The new fiscal year has started with a broad range of twists and turns in the global equity markets. The imposition of trade tariffs by the US government on almost all its trading partners has created flux in the global economy, with most market participants believing that the tariffs will lead to a global recession. Furthermore, the US trade war with China has been critical, where both parties have indulged in persistent tariffs, which are damaging to the economies. Although the challenges for the global economy have increased manifold, Indian equity markets have outperformed the global markets by a significant margin. There are many structural reasons for the strong performance, and we will discuss them in the subsequent sections.

The month of March was a good month for Indian equities as the narrow index NIFTY 50 rallied by 6% while the broader market index NIFTY 500 rallied by 7%. The small and midcap indices rallied by 9% and 8%, respectively, after being battered badly in the months of January and February. The Indian markets rallied during the month; however, major global indices like the S&P 500, Dow Jones, and FTSE 100 saw negative returns over the same period. While the Indian equities performed well, we are happy to note that all our flagship strategies, Pure Contra, Pure Growth and Kaizen, outperformed the market in the month of March. We are also excited to share that all our flagship strategies have demonstrated healthy outperformance during the FY25. Pure Growth outperformance picked up during the tougher market conditions, and the strategy moved up to the top quartile by the end of the fiscal. At the same time, Kaizen retained its top-quartile performance through the year. Pure Contra delivered top-quartile performance for 10 of the 12 months during the fiscal year and moved down only slightly to the second quartile by the end of the year. Overall, the strategies have delivered an excellent performance in line with the strategy’s objectives.

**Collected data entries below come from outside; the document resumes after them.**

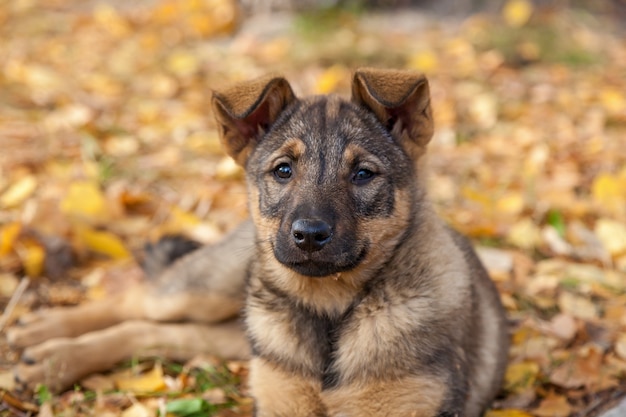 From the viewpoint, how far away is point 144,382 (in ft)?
16.4

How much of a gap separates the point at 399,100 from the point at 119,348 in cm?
254

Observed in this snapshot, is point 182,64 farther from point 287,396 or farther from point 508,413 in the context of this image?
point 508,413

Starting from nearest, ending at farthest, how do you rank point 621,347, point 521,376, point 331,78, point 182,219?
point 521,376
point 621,347
point 182,219
point 331,78

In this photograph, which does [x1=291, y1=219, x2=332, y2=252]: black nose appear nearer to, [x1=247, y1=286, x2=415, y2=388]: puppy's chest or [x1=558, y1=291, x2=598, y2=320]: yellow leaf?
[x1=247, y1=286, x2=415, y2=388]: puppy's chest

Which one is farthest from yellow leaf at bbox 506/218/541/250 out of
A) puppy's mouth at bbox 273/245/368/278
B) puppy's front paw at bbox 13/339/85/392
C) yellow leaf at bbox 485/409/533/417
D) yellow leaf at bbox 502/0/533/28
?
yellow leaf at bbox 502/0/533/28

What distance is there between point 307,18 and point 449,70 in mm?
2115

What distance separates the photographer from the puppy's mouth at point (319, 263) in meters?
3.92

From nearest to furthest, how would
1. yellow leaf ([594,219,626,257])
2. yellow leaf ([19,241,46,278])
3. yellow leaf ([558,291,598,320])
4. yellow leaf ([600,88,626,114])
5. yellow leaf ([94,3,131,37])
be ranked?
yellow leaf ([558,291,598,320]) → yellow leaf ([19,241,46,278]) → yellow leaf ([594,219,626,257]) → yellow leaf ([600,88,626,114]) → yellow leaf ([94,3,131,37])

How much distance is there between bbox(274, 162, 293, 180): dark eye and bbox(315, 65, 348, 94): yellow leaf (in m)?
4.01

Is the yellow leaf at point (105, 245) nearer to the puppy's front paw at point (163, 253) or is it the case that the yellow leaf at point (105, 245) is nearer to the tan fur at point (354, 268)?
the puppy's front paw at point (163, 253)

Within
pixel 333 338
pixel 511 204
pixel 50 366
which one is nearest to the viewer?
pixel 333 338

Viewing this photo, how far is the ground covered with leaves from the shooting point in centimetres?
509

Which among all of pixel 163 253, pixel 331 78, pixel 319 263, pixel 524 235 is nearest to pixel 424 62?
pixel 331 78

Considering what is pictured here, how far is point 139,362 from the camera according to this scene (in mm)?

Q4FY25 Earnings Season Likely to be Constructive

Top banks, including ICICI Bank and HDFC Bank, have declared their results, which stand better than expectations, and operating parameters have shown improvement. ICICI Bank results, in particular, were top notch, with sequential improvement in Net Interest Margins, which was a significant positive. The reported asset quality for these top two private banks was stable, thus ensuring that multiples are likely to be sustained over the medium to long term. Banking stocks took a beating after Q2 and Q3 results because of slower deposit growth, but palpable improvements have been visible in the current quarter, which is a significant positive. Banking stocks traded at relatively inexpensive valuations, and decent results helped the overall market sentiment because of the substantial weight in the sector

IT majors also reported numbers. However, they have been disappointing for Infosys and TCS. While this has been disappointing, we believe the significant correction in stock prices has captured the business weakness. The sector appears to have limited downside from hereon; however, growth challenges persist. For instance, Infosys has guided only 0-3% growth for FY26, indicating sluggishness. This makes significant allocation to the sector challenging.

The performance of the Capital Goods sector will also be critical, given the sequential pickup in capex activity. The implications of a pick-up in economic activity due to the Kumbh Mela should also be interesting. The Retail sector should report healthier numbers during the quarter. Overall, sequential improvement is expected, which should help the market moving forward.

The Way Ahead: FY26 Will Be Better Than FY25

Even as global challenges persist, India has emerged as a bright spot in the global equity markets. The country has taken a proactive stance, staying ahead of many others by initiating discussions with the US government to explore possible solutions to ongoing trade challenges. FY25 had multiple challenges emanating from sluggish Q1 and Q2, driven by the election effect. However, from an economic perspective, the FY26 growth rate should be better than that of FY25. Government spending picked up steam by the end of Q3FY25 and has gained traction in Q4FY25 as well. Also, the Reserve Bank of India has pivoted and is now focusing on improving liquidity to spur growth. Thus, corporate earnings will likely gain traction in FY26, resulting in double-digit returns for Indian equities.

Conclusion

Indian equities have shown resilience in a challenging global environment. FY26 has had a promising start with operating performance improving in the BFSI sector which is a significant positive. Q4FY25 GDP growth could surprise positively which is likely to set the tone for a good FY26. Overall, we are at a juncture where investing at current levels will create solid value in the years to come.